An island chain south of Japan, the CNMI is an unincorporated American territory acquired in the aftermath of WWII. Saipan, home to the largest population, was the scene of one of the bloodiest battles of WWII. It is thought more than 33,000 soldiers died, as well as thousands of civilians with many Japanese committing suicide at the Banzai Cliffs when hope of defending the island was gone. Another island, Tinian, was the airbase where the atomic bomb was loaded on the Enola Gay which made its fateful flight to Hiroshima.
Nowadays the CNMI is a tourist economy with great diving, weather and first class golf courses.
A more noteworthy economic prospect for Australia lies in another US territory, Guam, where one is struck by the similarities with Hawaii and North Queensland as communities whose economies are built on tourism and defence. With this similarity comes opportunity. Guam is preparing for the planned relocation of 20,000 people – marines and their families – from Okinawa. Australia has an expertise in tropical infrastructure and Guam needs that in spades.
Extending our horizons to include the Pacific territories is important in another way because the communities of the Pacific represent a sovereignty spectrum.
At one end are fully independent countries like Tonga and Samoa.
The Freely Associated States – Palau, the Federated States of Micronesia, and the Marshall Islands – offer a different model.

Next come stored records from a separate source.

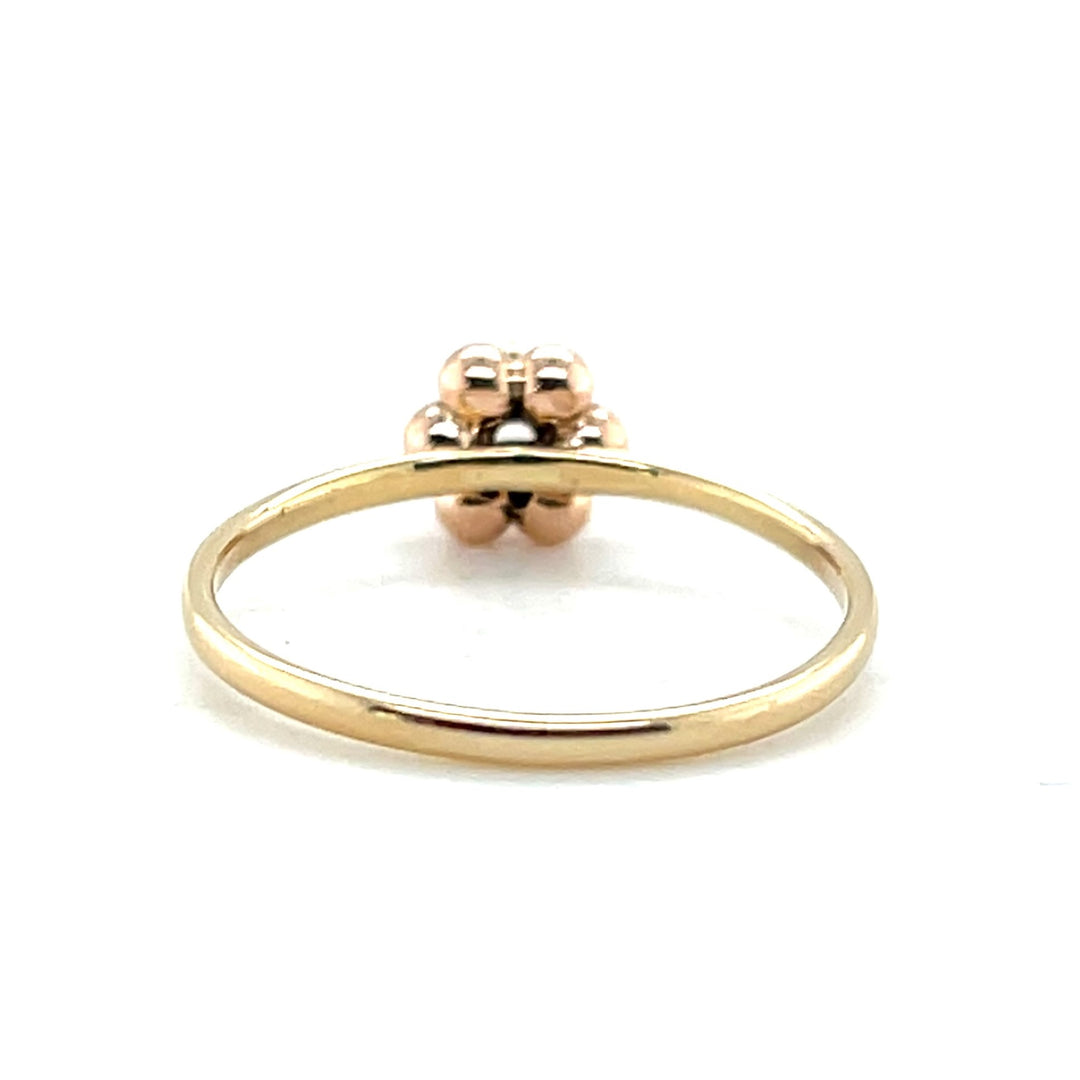 Estate 14K Yellow Gold Cat’s Eye Moonstone Antique Flower Ring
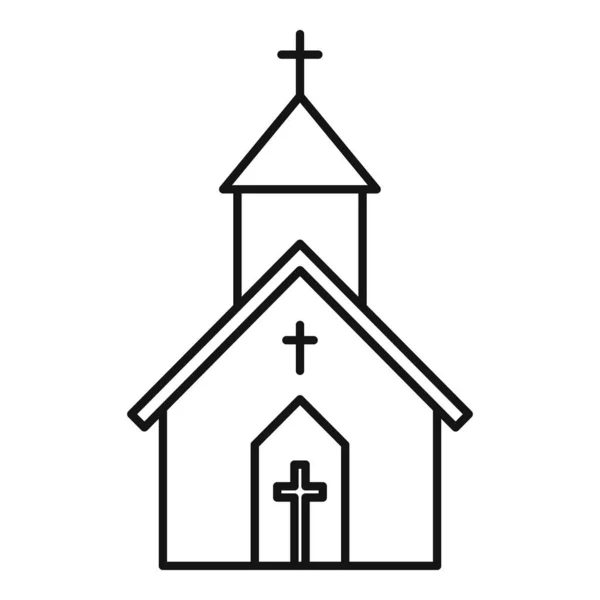 Church building icon, outline style — Stock Vector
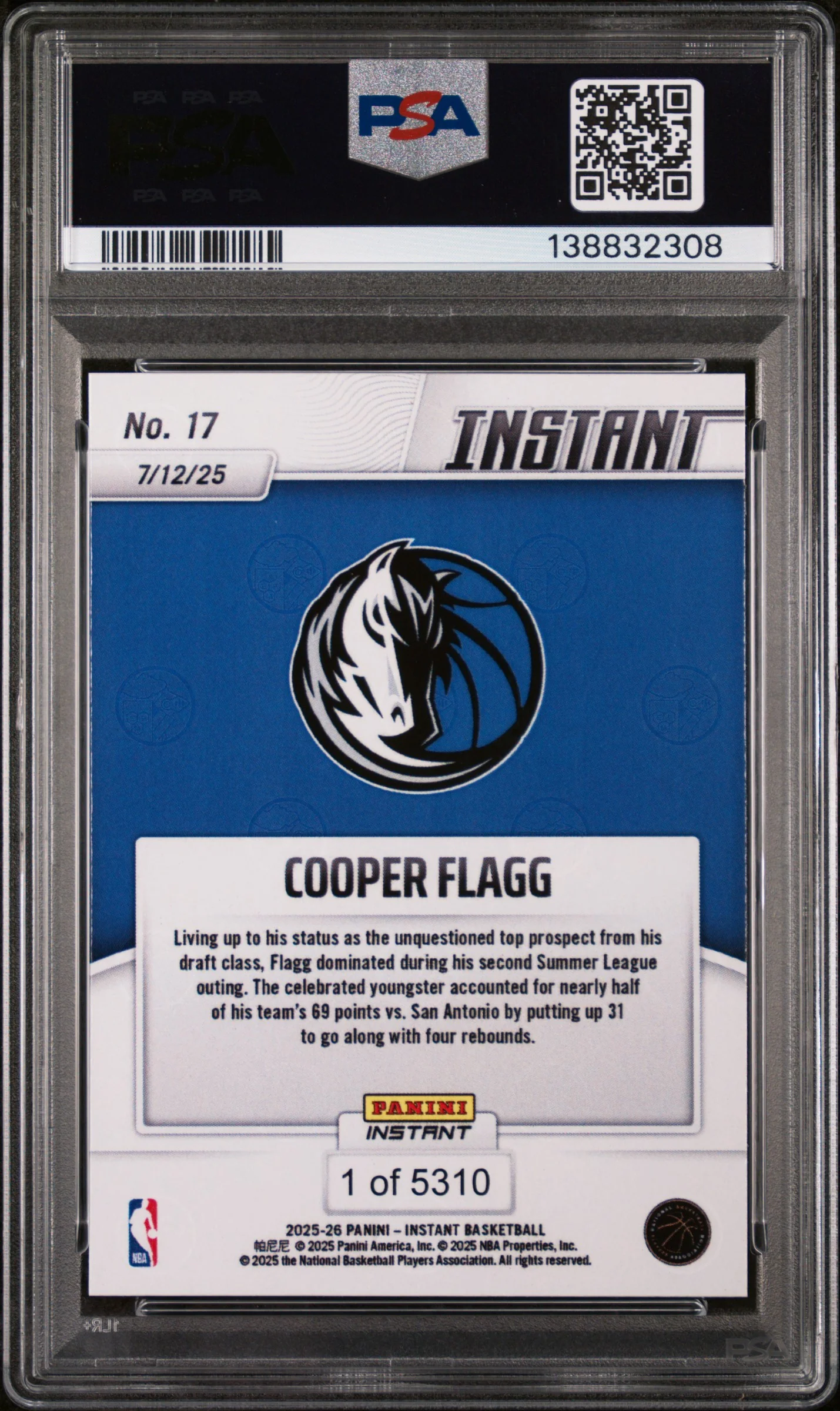 2025 Panini Instant NBA Cooper Flagg #17 /1 PSA 10 - Image 2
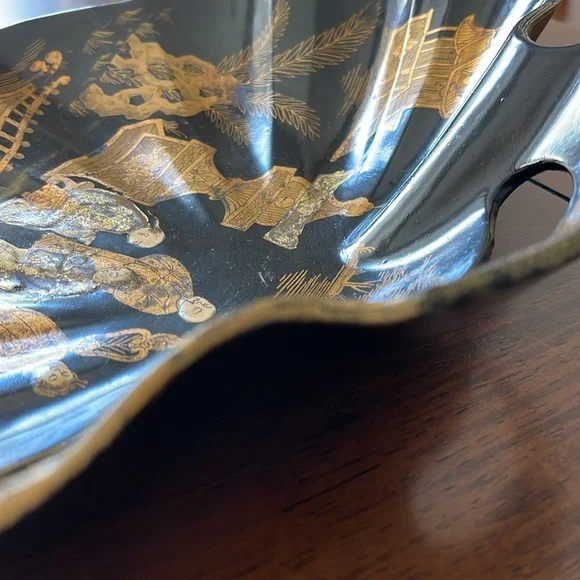 antique Chinese-style paper mache tray Black Gold 19 th Century - Picture 8 of 11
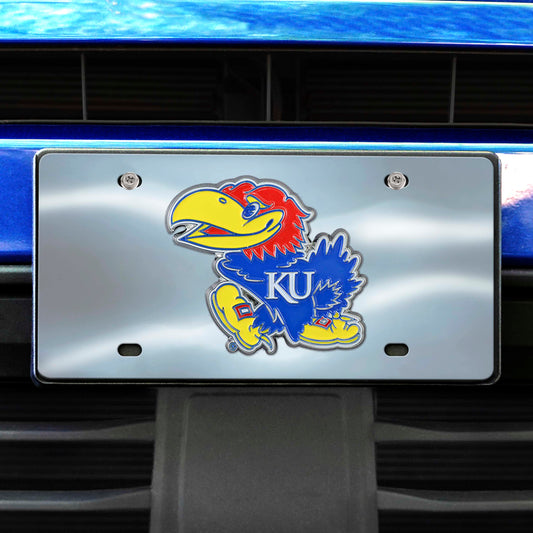 Kansas Jayhawks 3D Stainless Steel License Plate - Kansas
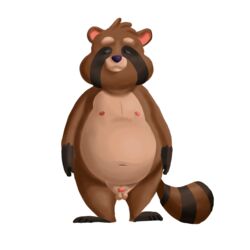 1:1 absurd_res alpha_channel animal_humanoid anthro balls belly canid canine flaccid fur genitals hi_res humanoid humanoid_genitalia looking_at_viewer male male_only mammal navel nipples nude overweight overweight_anthro overweight_male penis raccoon_dog sibluself simple_background small_penis solo tanuki transparent_background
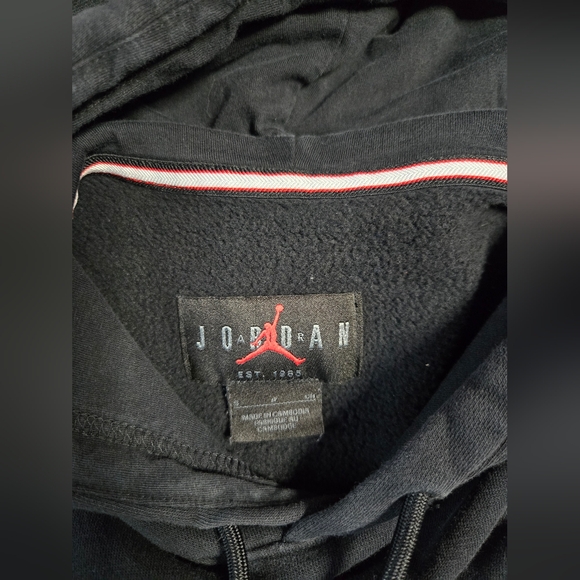Jordan Black Hoodie with Red Jumpman Logo - Picture 7 of 9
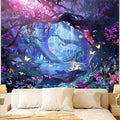 Apdidl Forest Nature Room Decor Tapestry Wall Hanging, Fantasy Trees Butterfly Mushroom Tapestries for Bedroom, Blue Colorful Floral Magical Plants Jungle Landscape Backdrop for Living Room 60"X79"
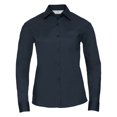 thumbnail image 1 of Russell Collection- Camisa de manga larga de popelín y poliéster/algodón de fácil cuidado para mujer (Azul marino), 1 of 2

Whilst independent states and members of the United Nations in their own right, the Freely Associated States have compact agreements with the US which involves services and money being provided by the US. They cede their defence function while their citizens participate in the US armed forces. They may also work in the US.
At the other end is Hawaii, a fully fledged part of the US with all the same rights and obligations as a citizen of California or New York
Along the way the likes of the Cook Islands, the CNMI, New Caledonia and Norfolk Island all occupy their particular place on the spectrum.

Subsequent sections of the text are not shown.